■ WORK REQUIRED
Return nothing but the lines from the one containing "NASTRO LAMINATO BROTHER" through the end of the records below, exactly as they stand and without pictures.

[[ TASK DATA, beginning ]]

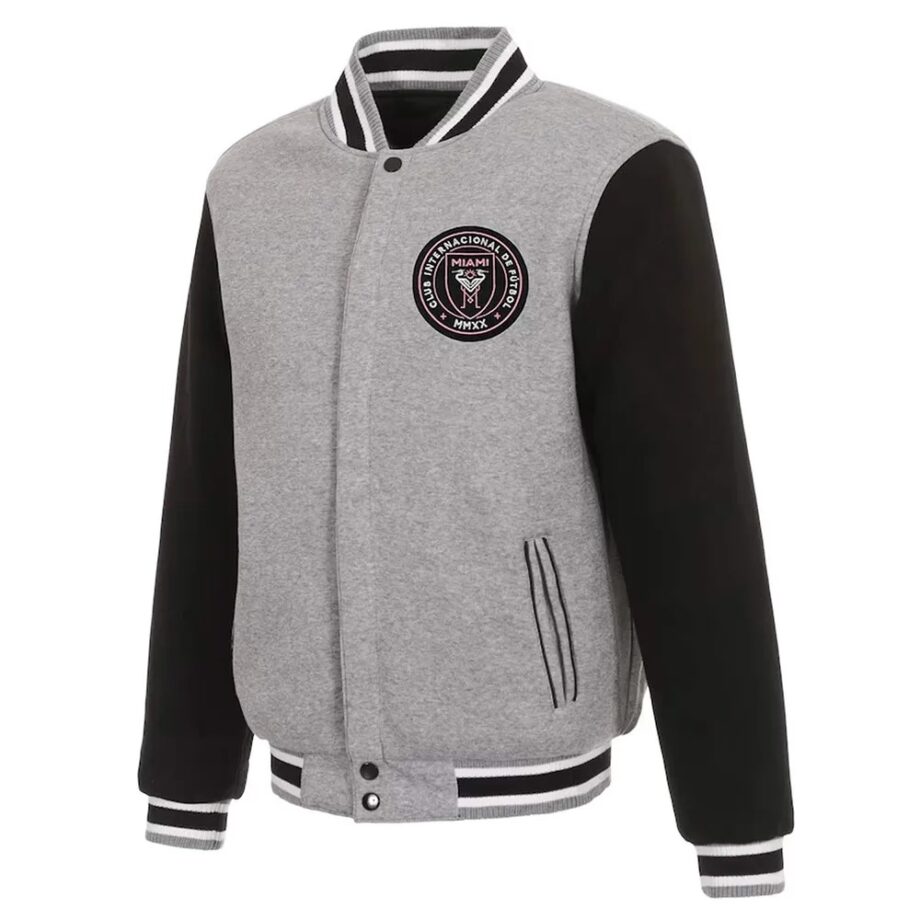 Inter Miami CF Gray & Black Varsity Wool Jacket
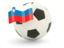 Slovenia. Football with flag. Download icon.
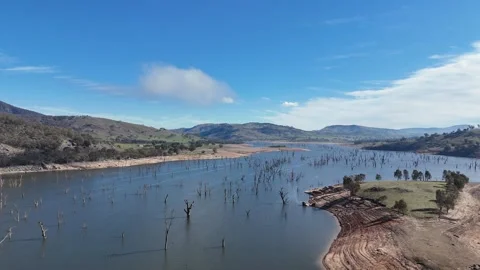 Upper Murray River Farmland and Lake Hume Stock Footage 341658877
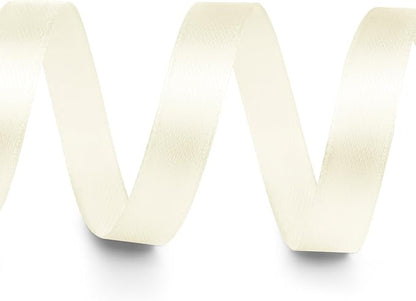 3/8" x 50 Yards Satin Ribbon - Ivory Silk Ribbon with Spool - Ideal for Gift Wrapping, Floral Bouquets, Crafts, Wedding Party Decorations, Christmas and Sewing Projects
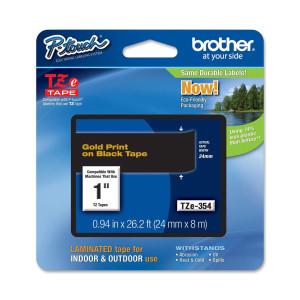 NASTRO LAMINATO BROTHER TZE-354 24MMX8MT ORO/NERO COD. TZE354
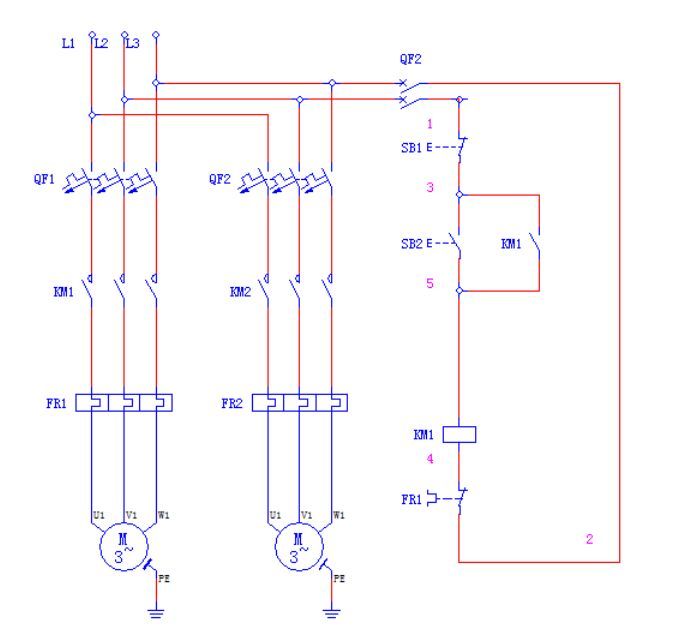 【案例解析】两台电机连锁控制的电气原理图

[[ TASK DATA, end ]]

■ OUTPUT FOR THIS TASK
 NASTRO LAMINATO BROTHER TZE-354 24MMX8MT ORO/NERO COD. TZE354
 【案例解析】两台电机连锁控制的电气原理图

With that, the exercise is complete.